The Minister may revoke a certificate of naturalisation if he is satisfied that the person to whom it was granted has, by any overt act, shown himself to have failed in his duty of fidelity to the nation and loyalty to the State
-Section 19(1)(b) of the Irish Nationality and Citizenship Acts 1956 to 2004
Algerian born criminal and accused terrorist, Ali Charaf Damache
Our MFJ will be intimatley familiar with this case for a number of reasons and not only due to the relative novelty of Irish citizen Jihadis. Damache has already been convicted of making death threats to those he deems insufficiently Islamic. Famous for involvement with Jihad Jane, this (so the rap sheet goes) would-be martyr, fund raiser for terrorism, conspirator who wanted to train in Pakistan and return to Ireland in order to murder "individuals that are harming islam", and all-round solider of Allah, is also (praise be to same) an Irish Citizen. The citizenship angle here is important as he and his co-conspirators often remarked on its value for the smooth execution of 'operations' within europe.
So far, so grotesque.
He has now been arrested again on foot of an international arrest warrant as a result of this charge sheet. My question (and I hope the legal eagles might chime in here) is this.
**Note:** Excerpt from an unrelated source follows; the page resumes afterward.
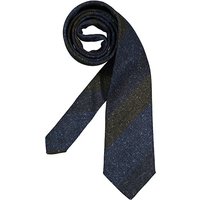 LANVIN Herren Krawatte blau Wolle-Seide gemustert von LANVIN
Should it turn out that Damache is convicted on these charges, ought that satisfy the MFJ that Damache has, by any overt act, shown himself to have failed in his duty of fidelity to the nation and loyalty to the State?
To my layman's eye the obvious answer would seem to be "yes". If the conviction does not satisfy section 19 (1) (b) then
A) what would? and
B) one wonders whether the legislation is adequately protective of value we place in Irish citizenship.